# Anybody living in Meadows 9?



## Deb1976 (Jan 29, 2014)

Hello

My family will be moving to Dubai in 8 weeks time, we are in the process of trying to decide which area of Meadows to rent a villa in.

We have noticed that you seem to get more for your money in Meadows 9 as opposed to Meadows 1/2.

Is there a reason for this? My husband will be working at JLT and my two year old will be starting Jebel Ali Nursery in September and I'm wondering if there is a problem with traffic in this particular area of Meadows 9?

We would love a pool in our villa but with a budget of around 260,000 AED this is just not possible in Meadows 1/2, but I see that Meadows 9 it could be possible for this price..

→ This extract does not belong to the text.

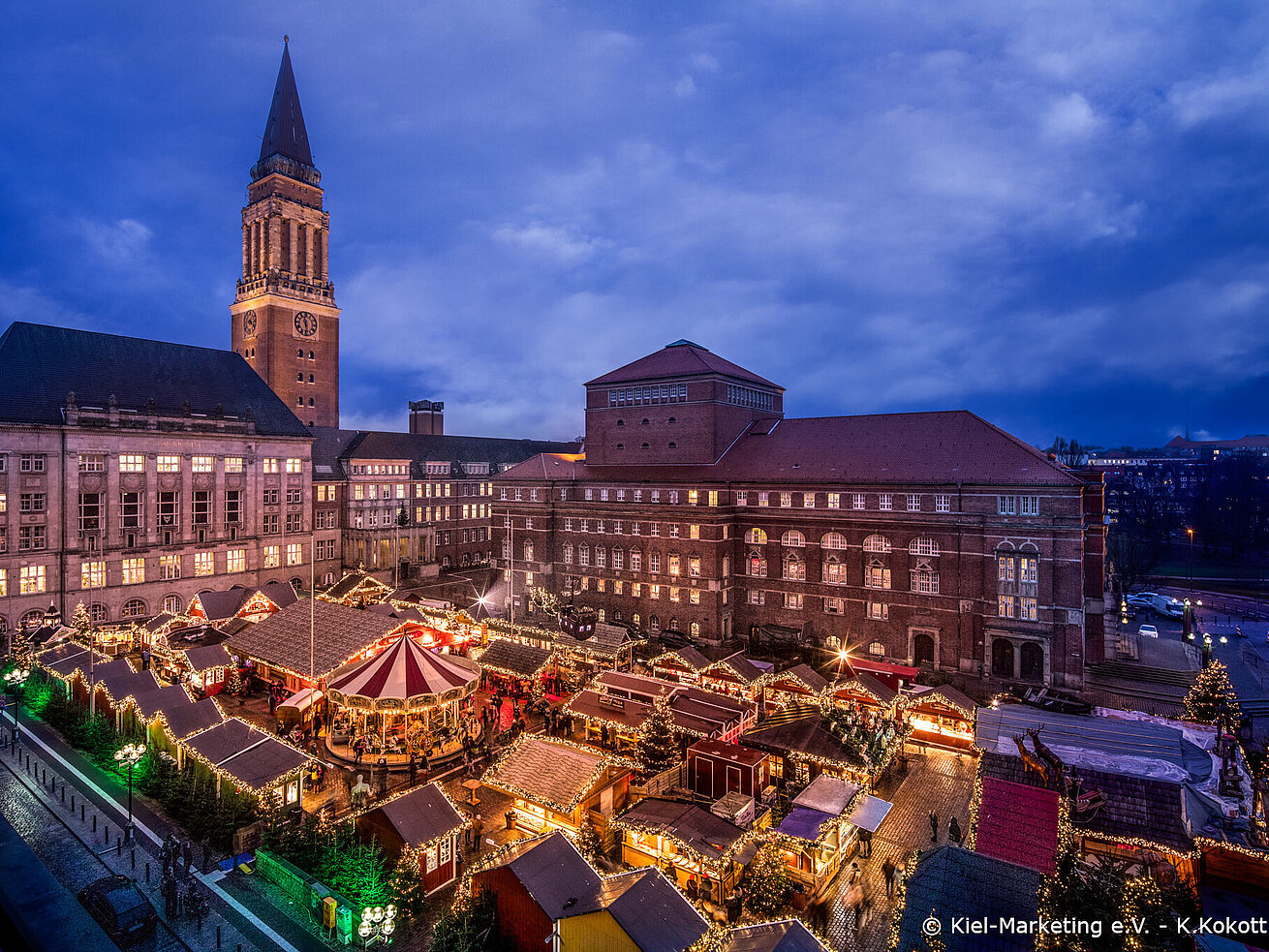 Kiel Christmas market at town hall Christmas market in front of Kiel town hall with lights stalls and carousel at evening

Any suggestions and information is much appreciated!


----------



## TallyHo (Aug 21, 2011)

Meadows 9 is buried all the way in the back corner of Emirates Living, right opposite the pylons. I think it's the combination of the location and proximity to the pylons that makes it less desirable than the other Meadows.

There's more to Dubai than the Meadows, by the way. I also personally wouldn't want a pool while there's a toddler in the house. Most of the Meadows have community pools. 



Deb1976 said:


> Hello
> 
> My family will be moving to Dubai in 8 weeks time, we are in the process of trying to decide which area of Meadows to rent a villa in.
> 
> ...


----------



## Deb1976 (Jan 29, 2014)

TallyHo said:


> Meadows 9 is buried all the way in the back corner of Emirates Living, right opposite the pylons. I think it's the combination of the location and proximity to the pylons that makes it less desirable than the other Meadows.
> 
> There's more to Dubai than the Meadows, by the way. I also personally wouldn't want a pool while there's a toddler in the house. Most of the Meadows have community pools.


Thank you for your reply TallyHo.

Any suggestions on any other nice areas to check out? We have a month once we arrive in Dubai to find a suitable property.

Best regards


----------



## vantage (May 10, 2012)

Deb1976 said:


> Thank you for your reply TallyHo.
> 
> Any suggestions on any other nice areas to check out? We have a month once we arrive in Dubai to find a suitable property.
> 
> Best regards


a month is long enough to check out all areas of town. Virtually everyone has the 'one month' to sort out accommodation etc.

you are lucky that you already know where your child will be in school / nursery, which is a bigger headache than housing, and will probably keep you looking in that part of town.

i'll second the comment about pools and toddlers..
Community pools also tend to be bigger than private pools, and a private pool will cost you a lot to heat / cool etc.


----------



## Deb1976 (Jan 29, 2014)

vantage said:


> a month is long enough to check out all areas of town. Virtually everyone has the 'one month' to sort out accommodation etc.
> 
> you are lucky that you already know where your child will be in school / nursery, which is a bigger headache than housing, and will probably keep you looking in that part of town.
> 
> ...


Thanks for your reply Vantage.

Point taken on the pool, I was hoping to actually install a gate that surrounded the pool should the owner allow us to do so. But thinking about it now I do agree a community pool is the better option.


----------